### Exercise details
What lines of the material hold the string "Bathroom"? Pull each of them out.

### Recorded data
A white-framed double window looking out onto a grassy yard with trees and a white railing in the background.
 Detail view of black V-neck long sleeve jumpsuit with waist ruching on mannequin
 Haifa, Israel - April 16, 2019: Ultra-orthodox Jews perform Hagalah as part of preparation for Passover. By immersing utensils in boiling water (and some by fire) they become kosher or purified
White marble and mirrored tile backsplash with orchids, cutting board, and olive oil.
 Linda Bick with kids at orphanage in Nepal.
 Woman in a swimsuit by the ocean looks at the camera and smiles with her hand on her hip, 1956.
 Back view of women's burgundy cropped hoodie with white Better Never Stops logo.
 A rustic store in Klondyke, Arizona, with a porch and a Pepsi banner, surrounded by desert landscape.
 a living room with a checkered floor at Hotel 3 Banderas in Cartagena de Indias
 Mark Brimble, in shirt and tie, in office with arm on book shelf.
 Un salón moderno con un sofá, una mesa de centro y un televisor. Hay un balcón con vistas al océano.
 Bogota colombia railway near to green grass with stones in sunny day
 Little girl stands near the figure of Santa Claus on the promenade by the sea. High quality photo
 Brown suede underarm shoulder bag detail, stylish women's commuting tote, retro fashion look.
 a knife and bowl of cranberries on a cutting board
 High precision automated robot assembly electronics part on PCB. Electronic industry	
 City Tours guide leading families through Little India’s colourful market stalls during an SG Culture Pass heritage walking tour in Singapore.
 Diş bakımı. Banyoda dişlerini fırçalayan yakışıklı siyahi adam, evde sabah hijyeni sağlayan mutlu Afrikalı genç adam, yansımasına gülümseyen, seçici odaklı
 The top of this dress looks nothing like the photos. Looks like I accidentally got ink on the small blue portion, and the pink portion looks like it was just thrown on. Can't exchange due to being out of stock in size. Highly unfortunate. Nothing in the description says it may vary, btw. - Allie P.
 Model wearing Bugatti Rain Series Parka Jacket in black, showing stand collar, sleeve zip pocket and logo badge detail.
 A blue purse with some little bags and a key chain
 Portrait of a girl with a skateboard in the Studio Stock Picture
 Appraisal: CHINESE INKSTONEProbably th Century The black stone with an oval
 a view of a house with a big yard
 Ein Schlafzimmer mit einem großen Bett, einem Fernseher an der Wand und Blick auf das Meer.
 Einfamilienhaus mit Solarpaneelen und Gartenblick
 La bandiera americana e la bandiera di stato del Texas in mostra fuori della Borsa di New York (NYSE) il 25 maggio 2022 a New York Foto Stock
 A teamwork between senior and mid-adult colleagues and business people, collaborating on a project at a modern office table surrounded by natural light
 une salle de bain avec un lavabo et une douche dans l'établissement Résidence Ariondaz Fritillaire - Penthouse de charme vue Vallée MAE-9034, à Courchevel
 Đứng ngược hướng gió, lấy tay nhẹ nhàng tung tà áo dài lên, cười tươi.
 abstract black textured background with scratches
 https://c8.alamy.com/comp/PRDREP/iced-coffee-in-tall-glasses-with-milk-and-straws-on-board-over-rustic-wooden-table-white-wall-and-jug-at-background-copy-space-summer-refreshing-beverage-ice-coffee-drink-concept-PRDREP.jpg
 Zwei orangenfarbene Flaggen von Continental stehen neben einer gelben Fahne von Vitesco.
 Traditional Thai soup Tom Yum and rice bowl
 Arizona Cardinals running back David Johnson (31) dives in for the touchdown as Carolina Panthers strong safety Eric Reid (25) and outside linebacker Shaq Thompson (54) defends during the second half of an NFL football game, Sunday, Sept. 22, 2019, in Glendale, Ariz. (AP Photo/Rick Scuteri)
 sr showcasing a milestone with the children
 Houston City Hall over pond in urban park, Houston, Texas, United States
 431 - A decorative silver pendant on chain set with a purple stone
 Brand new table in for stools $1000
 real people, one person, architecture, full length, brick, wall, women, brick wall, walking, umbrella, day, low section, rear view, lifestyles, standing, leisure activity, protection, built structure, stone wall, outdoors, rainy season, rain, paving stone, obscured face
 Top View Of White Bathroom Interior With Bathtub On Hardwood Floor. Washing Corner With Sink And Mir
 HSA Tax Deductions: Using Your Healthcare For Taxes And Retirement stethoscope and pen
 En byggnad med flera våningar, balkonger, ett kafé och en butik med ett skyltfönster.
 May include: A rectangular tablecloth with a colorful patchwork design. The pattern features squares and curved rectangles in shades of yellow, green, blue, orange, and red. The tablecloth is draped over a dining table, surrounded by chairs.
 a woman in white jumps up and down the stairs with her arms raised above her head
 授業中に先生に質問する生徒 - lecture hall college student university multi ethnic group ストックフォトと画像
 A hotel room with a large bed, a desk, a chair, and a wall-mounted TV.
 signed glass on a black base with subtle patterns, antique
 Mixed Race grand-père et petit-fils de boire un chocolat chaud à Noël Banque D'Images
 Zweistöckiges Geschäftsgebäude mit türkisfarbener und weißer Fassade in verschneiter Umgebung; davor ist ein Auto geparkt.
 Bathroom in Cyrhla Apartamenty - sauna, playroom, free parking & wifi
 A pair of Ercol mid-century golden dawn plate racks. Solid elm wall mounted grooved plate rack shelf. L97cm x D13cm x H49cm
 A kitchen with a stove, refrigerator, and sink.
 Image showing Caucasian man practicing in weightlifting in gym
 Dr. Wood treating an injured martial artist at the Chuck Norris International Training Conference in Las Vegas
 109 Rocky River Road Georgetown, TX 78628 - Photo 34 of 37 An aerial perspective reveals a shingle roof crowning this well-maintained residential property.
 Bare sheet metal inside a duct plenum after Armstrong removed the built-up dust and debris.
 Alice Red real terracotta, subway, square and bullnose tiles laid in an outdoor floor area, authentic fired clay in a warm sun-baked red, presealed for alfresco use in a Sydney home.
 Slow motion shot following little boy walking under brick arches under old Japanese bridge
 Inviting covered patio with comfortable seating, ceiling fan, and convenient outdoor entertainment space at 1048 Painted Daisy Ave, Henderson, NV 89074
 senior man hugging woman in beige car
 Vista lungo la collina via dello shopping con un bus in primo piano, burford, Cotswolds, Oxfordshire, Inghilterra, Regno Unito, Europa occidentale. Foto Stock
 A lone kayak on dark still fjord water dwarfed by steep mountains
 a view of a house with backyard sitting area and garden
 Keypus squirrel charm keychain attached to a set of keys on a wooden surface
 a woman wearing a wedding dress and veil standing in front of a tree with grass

### Answer section
 Top View Of White Bathroom Interior With Bathtub On Hardwood Floor. Washing Corner With Sink And Mir
 Bathroom in Cyrhla Apartamenty - sauna, playroom, free parking & wifi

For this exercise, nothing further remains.